In [1]:
import openai
import json
import os
from tqdm import tqdm
from dotenv import load_dotenv

load_dotenv()

# Set your OpenAI API key here or export it as an env variable
client = openai.OpenAI(api_key=os.getenv("OPEN_AI_KEY"))

# ✅ Load the weapons JSON
current_dir = os.getcwd()
scraping_dir = os.path.join(current_dir, '..', 'Scrape_Pages')
scraping_dir = os.path.abspath(scraping_dir)
weapons_path = os.path.join(scraping_dir, 'dark_souls_weapons_full.json') 
with open(weapons_path, "r") as f:
    weapons_data = json.load(f)

# Prompt template for LLM
def create_prompt(weapon_name, description, availability, category):
    return f"""
You are a Dark Souls lore extraction assistant.
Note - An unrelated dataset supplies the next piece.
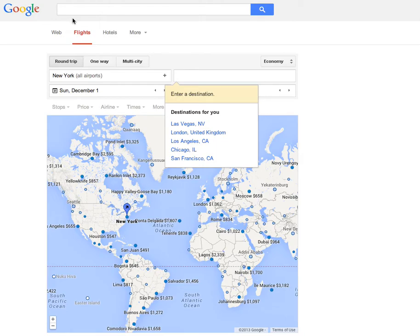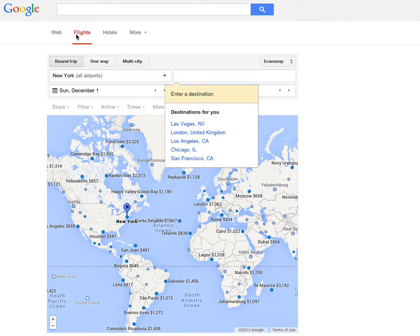Hi everybody, I just wanted to share with you something remarkable that I have recently discovered called Google Flights. As far as I'm concerned, this is the most remarkable tool I have ever come across on the internet for finding the flights you want. You may already know about it — if so, you can close out of this video — but I'm still floored by how incredible this is. It's brought to you by Google, so if you do a Google search for Google Flights you will get to this page.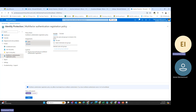After you configure the MFA registration policy, users are prompted to register when they sign in. They will see a message such as 'More information required — your organization needs more information to keep your account secure.' Users must complete the registration within 14 days. They can skip each day — day one: skip for the next 14 days, day two: skip for the next 13 days — but after 14 days they will be required to complete the registration before they can sign in again.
Given a weapon's name, category, description, and availability, extract a list of factual (subject, predicate, object) triples. Focus on lore-relevant relationships only.

Ignore combat mechanics or damage types.

Extract:
- who the weapon is associated with (e.g. wielded_by, created_by, soul_of)
- where it can be found (e.g. found_in, dropped_by)
- any affiliations with characters, creatures, locations, or factions

Do NOT include attack types, effects, or stats.

Output format:
[
  (subject, predicate, object),
  ...
]

Remember that predicate should always have underscore between any two 2 words.
---

Weapon Name: {weapon_name}
Category: {category}

In-Game Description:
{description or '[No description provided]'}

Availability:
- {'\n- '.join(availability)}
"""

# Run extraction via OpenAI
def extract_triplets(prompt):
    try:
        response = client.chat.completions.create(
            model="gpt-4",
            messages=[{"role": "user", "content": prompt}],
            temperature=0.2
        )
        output = response.choices[0].message.content.strip()
        return eval(output)
    except Exception as e:
        print("Error:", e)
        return []

#  Process all weapons
all_triples = []

for entry in tqdm(weapons_data):
    category = entry["category"]
    for weapon in entry["weapons"]:
        name = weapon["name"]
        description = weapon.get("in_game_description", "")
        availability = weapon.get("availability", [])
        prompt = create_prompt(name, description, availability, category)
        triples = extract_triplets(prompt)
        for triple in triples:
            all_triples.append(list(triple))  # save as [subject, predicate, object]

# ✅ Save to JSON
with open("weapon_triplets.json", "w") as f:
    json.dump(all_triples, f, indent=2)

print(" Triples saved to 'weapon_triplets.json'")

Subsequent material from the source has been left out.